Litigation buy out insurance (AKA LBI) is tailor-made insurance strategy helping to isolate a client from the unpredictability of an outstanding lawsuit.
The insurance can also be used for negating the requirements for the use of escrows or indemnities in a sales deal, providing certainty to both parties involved in the case.
LBI (or litigation buy out insurance) helps to ring-fence a client from the possible liabilities of an ongoing or anticipated litigation, arbitration, or any other dispute.
This insurance is particularly useful in the context of a sale or business where the unresolved dispute may prevent the sale from proceeding further.
As the cover is customized in each case, the policy can also be tailored to a dispute, no matter what the subject matter is.
Benefits of LBI
The litigation buy out insurance plays a significant role in transferring an uncertain liability from the insured to that of the insurer; one that can simultaneously reduce the insured’s concerns about the outcomes of the case.
The insurance can also help in transforming third-party contingent claims to a quantified insurance cost allowing them to be accounted for as per the requirement.
LBI helps in capping future financial risks. The premium is typically fixed and paid in advance irrespective of the outcomes of the dispute.
LBI also helps in releasing business opportunities that were previously blocked by disputes or claims.
LBI helps to eliminate obstacles in the way of a pending acquisition or sale.
LBI helps in enabling favorable public disclosures, subjected to the insurer’s agreement.
The Policy Form
The LBI is commonly filed as a cover for a known risk, lawsuit, or claim. It can also be filled as a means of protection against an anticipated or a threatened claim.
The insured may also opt to have his/her defense costs included as a part of the liability limit or simply to cover for the possible damages incurred as a result of the case.
Retention: The insurer and the insured will have to have an agreement on the excess (it’s the uninsured money, or to be more precise, we say it’s the loss that has to be borne by the insured). The higher the excess, the lower the premium.
The period of the policy: The policy terms should typically run from the closing date of the transaction until the date of settlement.
Exclusion: MostLBIsvary from policies to policies. However, some exclusions remain consistent throughout the process. These exclusions typically include fines, penalties, and acts committed on the end of the insurer with the intention of violating laws and pension funding deficits.
Final Points to remember
Insurance companies typically offer LBIs on the basis of the risk. Higher the risk, higher the premium.
The timescale for obtaining a LBI depends solely on the stage of the dispute.
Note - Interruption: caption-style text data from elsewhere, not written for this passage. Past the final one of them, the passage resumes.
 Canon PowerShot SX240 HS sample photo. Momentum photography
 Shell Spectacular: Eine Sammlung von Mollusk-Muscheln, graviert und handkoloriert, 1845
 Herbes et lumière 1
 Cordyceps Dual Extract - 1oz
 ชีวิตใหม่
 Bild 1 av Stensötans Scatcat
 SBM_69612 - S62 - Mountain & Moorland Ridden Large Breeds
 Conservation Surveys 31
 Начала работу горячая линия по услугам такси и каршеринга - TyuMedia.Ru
The LBI typically becomes available within 2 to 3 weeks from the date of the first inquiry.
The legal universe is going through a whole lot of changes. Today, hiring a lawyer doesn’t have to come with the added pressure of billing you as you move along.
Recently, there’s been a surge in the litigation funding market making it possible for a third party financer to fund the entire cost of the court proceedings in return for a fair share of the claim.
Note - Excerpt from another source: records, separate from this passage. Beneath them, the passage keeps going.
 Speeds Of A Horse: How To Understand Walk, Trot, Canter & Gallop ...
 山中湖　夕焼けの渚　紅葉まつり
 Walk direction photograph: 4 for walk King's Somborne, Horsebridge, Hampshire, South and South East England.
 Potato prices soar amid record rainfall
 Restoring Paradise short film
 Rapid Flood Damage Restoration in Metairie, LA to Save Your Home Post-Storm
But why should you opt for this option for your corporate business? Do they come with benefits? Let’s see.
1. You do have your money, but you need to spend it somewhere else
Sometimes even if you have the funds to support your claim, it makes enough save to save the amount for various other uses in our business.
After all, why should you even think of spending your hard-earned money on a court case when you can go for a third-party funder backing your lawsuit and pursue the same for free?
Informing your rivals of the fact that you’ve got a third party financer backing your claim can also help to strengthen your case, sending them a powerful message that you aren’t backing away no matter what.
2. You’ve got a rich and influential opponent where you cannot afford to take them head-on
If yours is a small corporate organization claiming against a large firm or business, you might be put off by the investment waiting to happen in the coming days.
Most large organizations come with bottomless pockets. Can you afford that? Third party financial options like litigation funding for corporate business may come in exceptionally handy in such situations.
3. You do not have enough funds to drag your opponent to court
Lengthy legal disputes may ruin you financially. Third party funding can be a way out.
The same option can also help in turning the odds of winning in your favor.
4. Yours is a huge business looking to offset the time, risk, and cost of the litigation to an outside party
Most of the business ventures, be it small or large, benefit from third party funding. After all, only a few businesses have enough times and resources on their hands to pursue a claim on their own.
Third party funding allows corporations to recover assets without the risk of losses. You, as the business owner, would also be able to have a strategic view of your claim including the ones you have written off since you didn’t have the time and resource to pursue the same.
5. You would like to send a strong message to your opponent
The litigation funding option plays a massive role in strengthening the odds of your success.
Thus, it also sends a powerful message to your opponent that you have a strong case in your hand and you aren’t backing away by any possible means.
So that brings us to the end of this post for now. It’s time we sign off for the time being. Hope you had a great read.